Selon la source susmentionnée, la communauté internationale entreprend des pourparlers pour favoriser un retour volontaire des Syriens dans leur pays. "Ce n’est pas chose facile vu le nombre de réfugiés politiques qui encourraient un grand danger en rentrant chez eux et vu la grande difficulté de coordonner avec le régime Assad." Le nombre de ces réfugiés politiques varie, selon M. Daher, entre 50 et 100.000 personnes. "Et le reste?", s’interroge-t-il. Et de préciser que c’est au HCR de prendre en charge les Syriens qui craignent un retour dans leur pays, en les relogeant dans un pays d’accueil. Ce qui n’est pas le cas du Liban qui est un pays de transit, selon les textes de loi.

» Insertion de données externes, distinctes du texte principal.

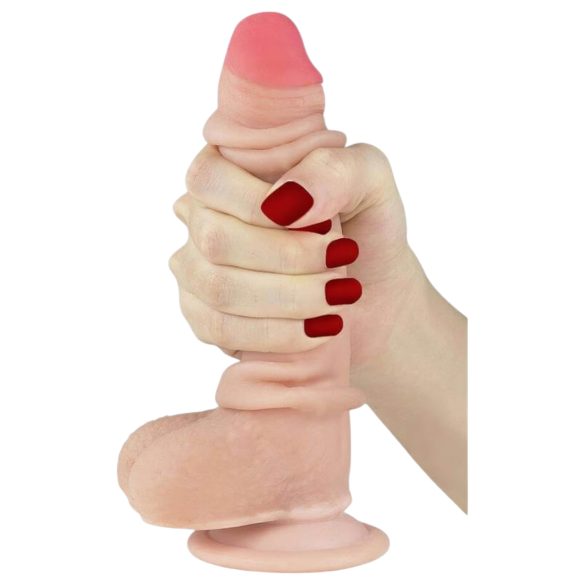 Lovetoy Sliding-Skin - Διπλής στρώσης ομοίωμα - 18cm (φυσικό)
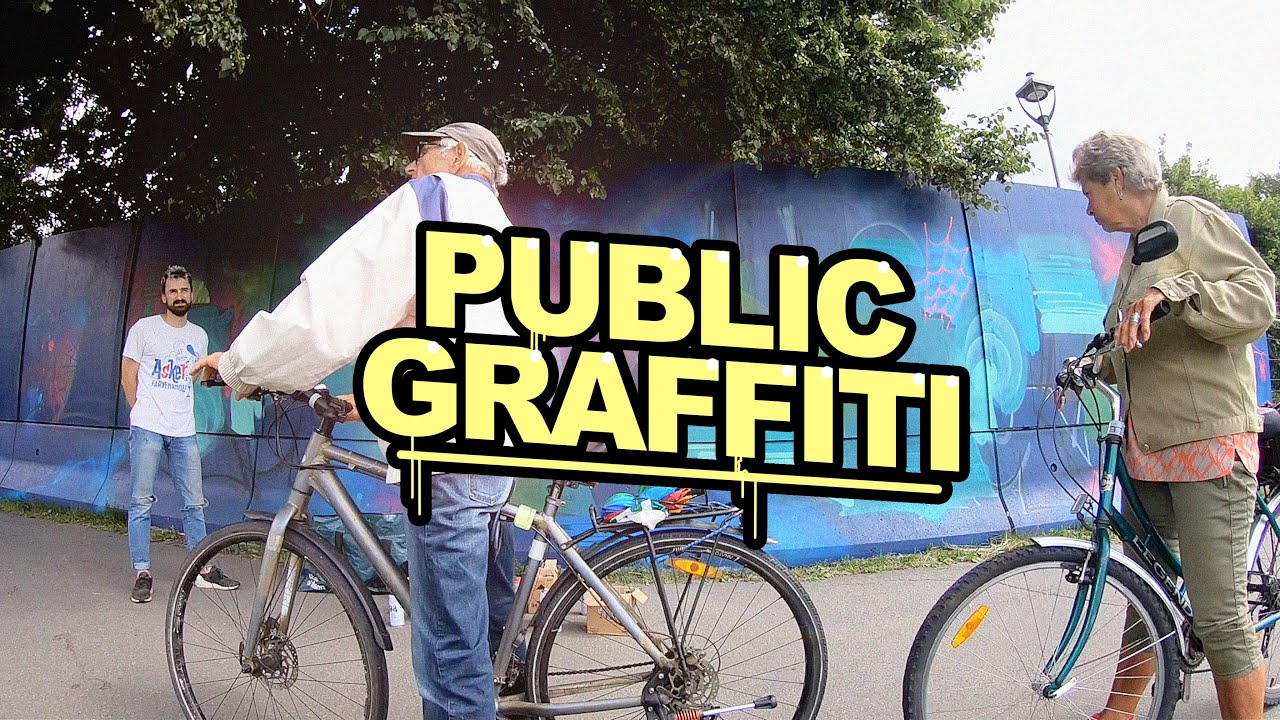 GRAFFITI IN NORWAY| LECHE ONE | PUBLIC STREETART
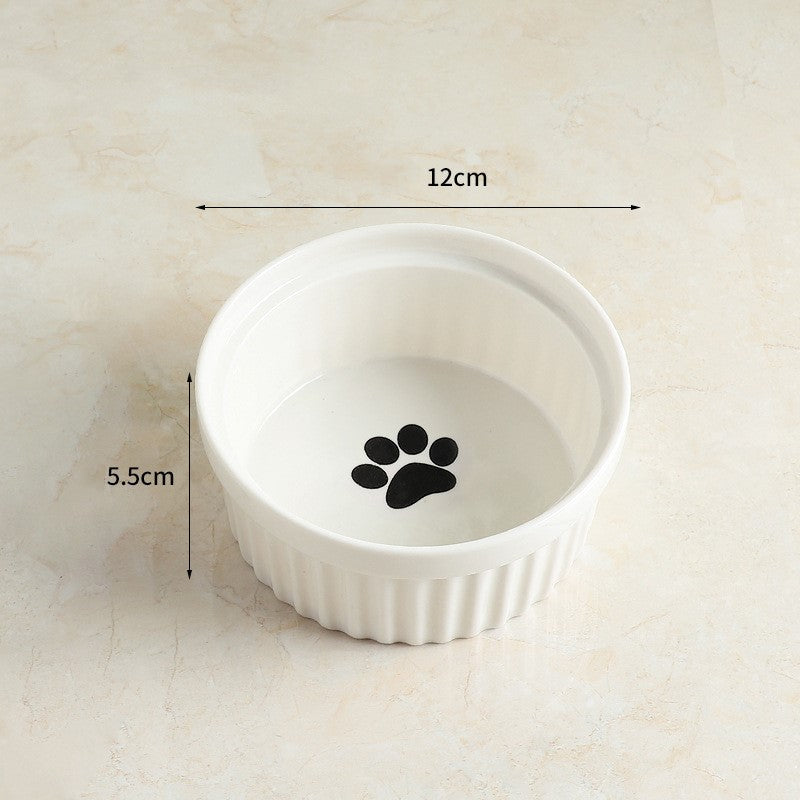 HKM-7651645 Cervical Spine Protective Ceramic Pet Bowl for Cats and Dogs - Various Stylish Designs
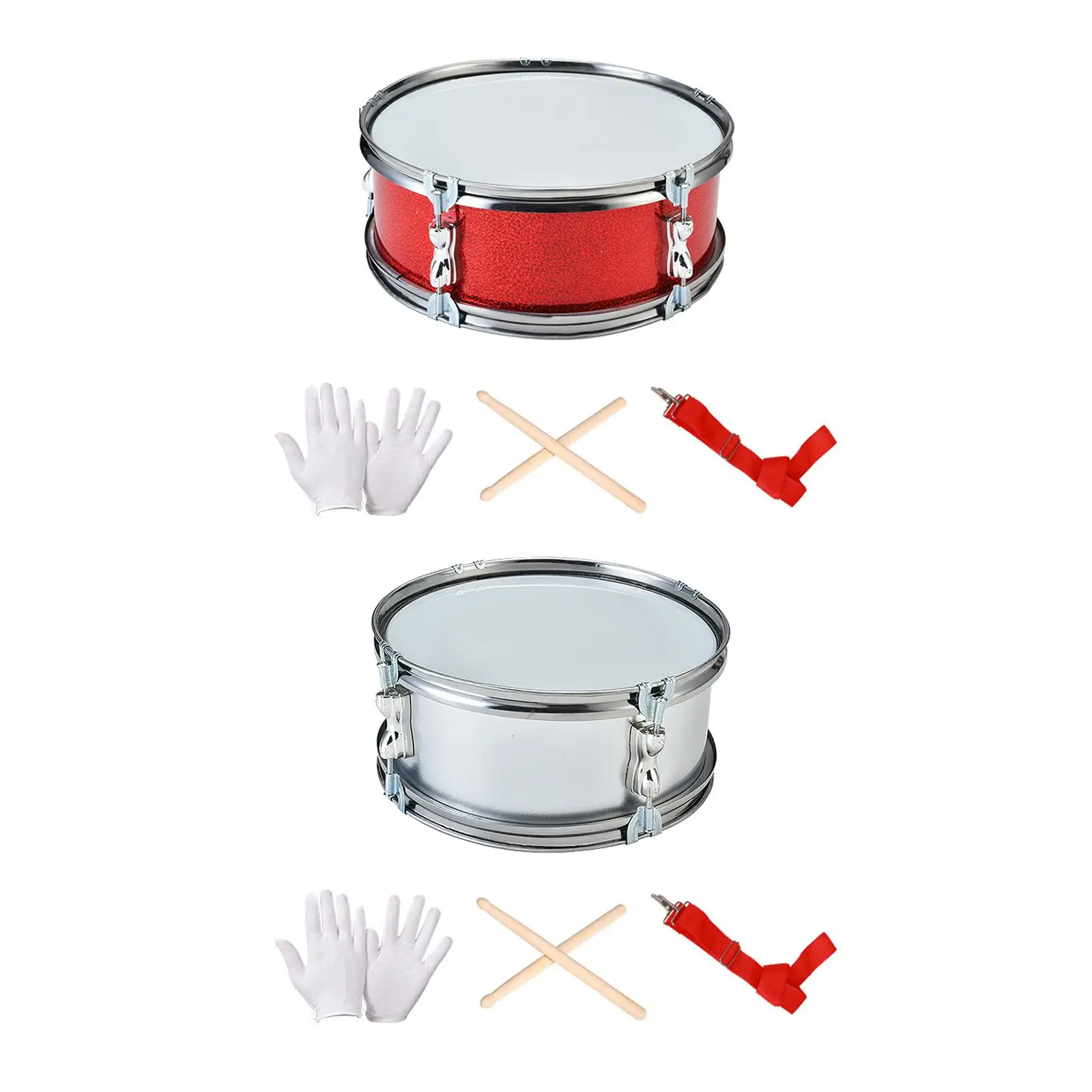 11inch Snare Drum Lightweight with Drumsticks Professional Musical Instruments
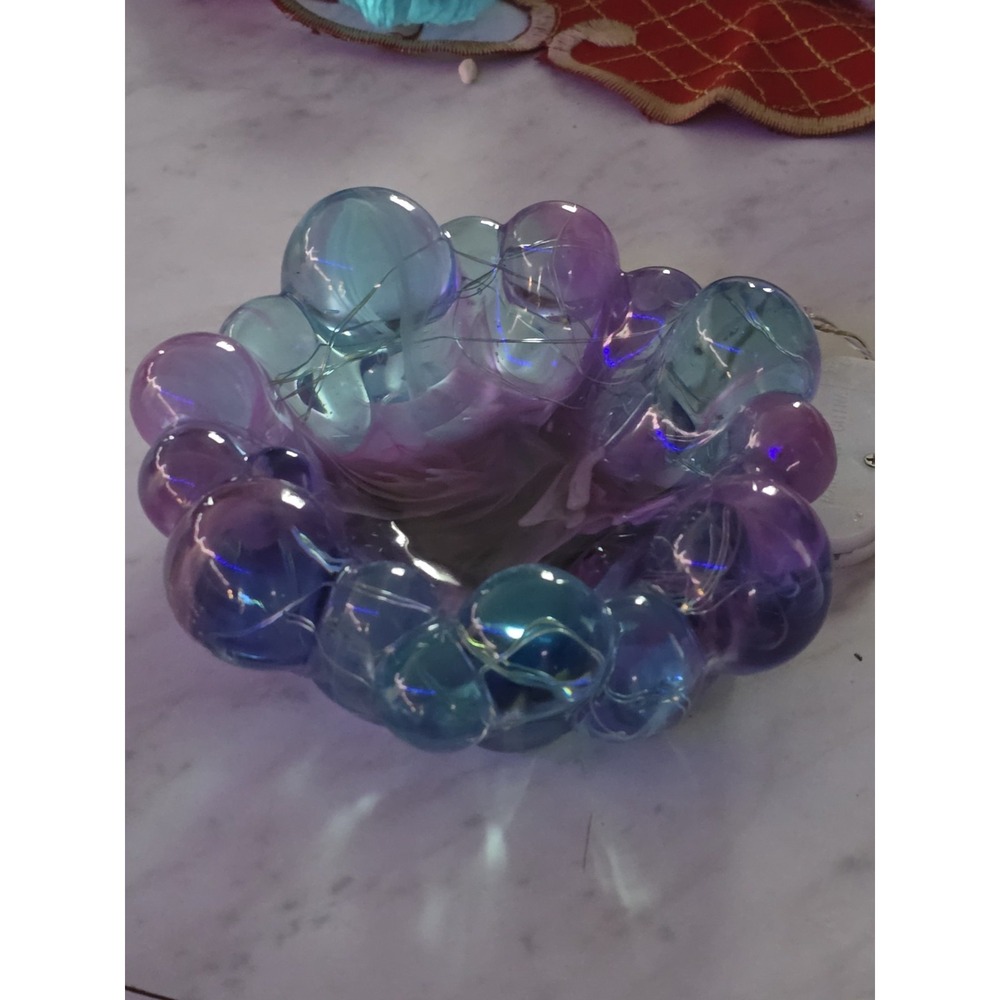 Handmade Resin Light Up Bubble Bowl‎ Trinket Jewelry Holder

Revenant aux chiffres, M. Daher explique que le Liban compte actuellement moins de 4 millions de Libanais, plus de 2 millions de Syriens, près de 270.000 Palestiniens et d’autres ressortissants étrangers. D’où un total approximatif de 6,5 millions de personnes sur un territoire de 10.450 km², avec une densité de quelque 620 personnes par km² contre 4 au Canada, 3,5 en Australie et 35 aux États-Unis. De quoi s’interroger sur le devenir de l’identité libanaise…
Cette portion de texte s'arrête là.